Should be some nice pups! Anyone interested in an Airedale should start asking some questions  My troubles with Jager have been minimal and my own fault/are avoidable. When I went to look at the litter it was a really difficult choice between the pups. What really attracted me to the challenge of working an Airedale, aside from the fact like I enjoy a challenge and being "different," was the versatility of these dogs. While I have specific goals in mind, if something happens(or doesn't happen depending on how you look at it) I have options and no matter what I have a nice dog. 

What I respect the most about Don and his program is that he breeds the dogs for himself. He breeds for what he wants to see in a dog, not what a piece of paper or a breed counsel/association says the dog should be. He is not afraid to cull and he is not going to spend time on a weak dog to make it look good for someone else.

I would really like to see some more experienced sport people give his dogs a chance. Some people seem to be afraid of terriers  I would really like to be able to swap stories and experiences with someone else that is attempting sportwork with one of Don's dogs.


----------



## Don Turnipseed (Oct 8, 2006)

Thanks Jennifer. I would like to see more people woring the dogs in protection myself, but, all but two of these female pups have deposits on them. Several going to fur hunters, a couple to bird hunters, and one to obedience so far. The rest to a few pet homes.
But, Jenny is due the first week in Feb. Those pups are the same cross as Jager.


----------



## Don Turnipseed (Oct 8, 2006)

Cut the tails on the second bunch this morning. It has been snowing all morning and is 33 degrees. Mom was out scarfing up her 1 1/2 lbs of chicken . I opened the box up and the pups were layed out in a one row. They weren't even piled on each other and after handling all that half froze chicken for the dogs, my fingers felt like I was going to loose them. Pups were still warm and toasty. Watching the rest stand out in the snow, it dawned on me that out of all these dogs I have had over the last 20 + years, has ever even been in a house. Just recently I started bring two in the house and even they will only stay in at night when the fire dies down. They stand at the door and whine to get out just to play in the rain at just above freezing. Funny thing though, they never have skin problems are anything. I gotta wonder why.
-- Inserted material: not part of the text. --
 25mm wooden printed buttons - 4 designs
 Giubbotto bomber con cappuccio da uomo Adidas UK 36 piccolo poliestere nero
Got some luxurious coats to boot.


----------



## Bob Scott (Mar 30, 2006)

Don, I sure hope you warmed up your knife for those poor babies! :grin: :wink:
We've got one of those........ news casters on the local TV that is constantly telling folks to "Bring your pets in with this cold weather". 
If the dog is outside all the time, has a good coat and a good dog house, LEAVE THE FRICKIN DOG OUTSIDE!
After 5-10 mins in the house mine would be begging to get back outside.
Wish I had a nickel for everyone that has made comments about "leaving your poor dogs outside all yr round". [(*,) [(*,)


----------



## Don Turnipseed (Oct 8, 2006)

Bob Scott said:


> Don, I sure hope you warmed up your knife for those poor babies! :grin: :wink:
> We've got one of those........ news casters on the local TV that is constantly telling folks to "Bring your pets in with this cold weather".
> If the dog is outside all the time, has a good coat and a good dog house, LEAVE THE FRICKIN DOG OUTSIDE!
> After 5-10 mins in the house mine would be begging to get back outside.
> Wish I had a nickel for everyone that has made comments about "leaving your poor dogs outside all yr round". [(*,) [(*,)
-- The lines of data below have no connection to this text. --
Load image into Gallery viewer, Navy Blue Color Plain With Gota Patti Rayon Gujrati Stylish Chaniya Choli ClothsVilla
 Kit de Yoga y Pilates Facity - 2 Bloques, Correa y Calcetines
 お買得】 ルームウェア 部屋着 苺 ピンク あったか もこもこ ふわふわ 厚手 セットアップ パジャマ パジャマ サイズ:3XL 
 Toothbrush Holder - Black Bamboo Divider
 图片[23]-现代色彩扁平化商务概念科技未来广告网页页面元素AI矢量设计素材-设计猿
LOL I know Bob. The reason I make these posts is so newbies get to see another side to breeding besides the new way. There is the traditional way when dogs were dogs. There is nothing wrong with it at all regardless what people would have you believe.


----------



## Bob Scott (Mar 30, 2006)

Hey, think about this Don.....and you can't deny it neither. :wink:
Your exposing those pups to ENS (Early Neuro Stimulation) with that cold knife blade. \\/ :lol: :lol: :razz:


----------



## Jennifer Marshall (Dec 13, 2007)

Bob Scott said:


> Hey, think about this Don.....and you can't deny it neither. :wink:
> Your exposing those pups to ENS (Early Neuro Stimulation) with that cold knife blade. \\/ :lol: :lol: :razz:


 
Haha I think he's got you there, Don. lol.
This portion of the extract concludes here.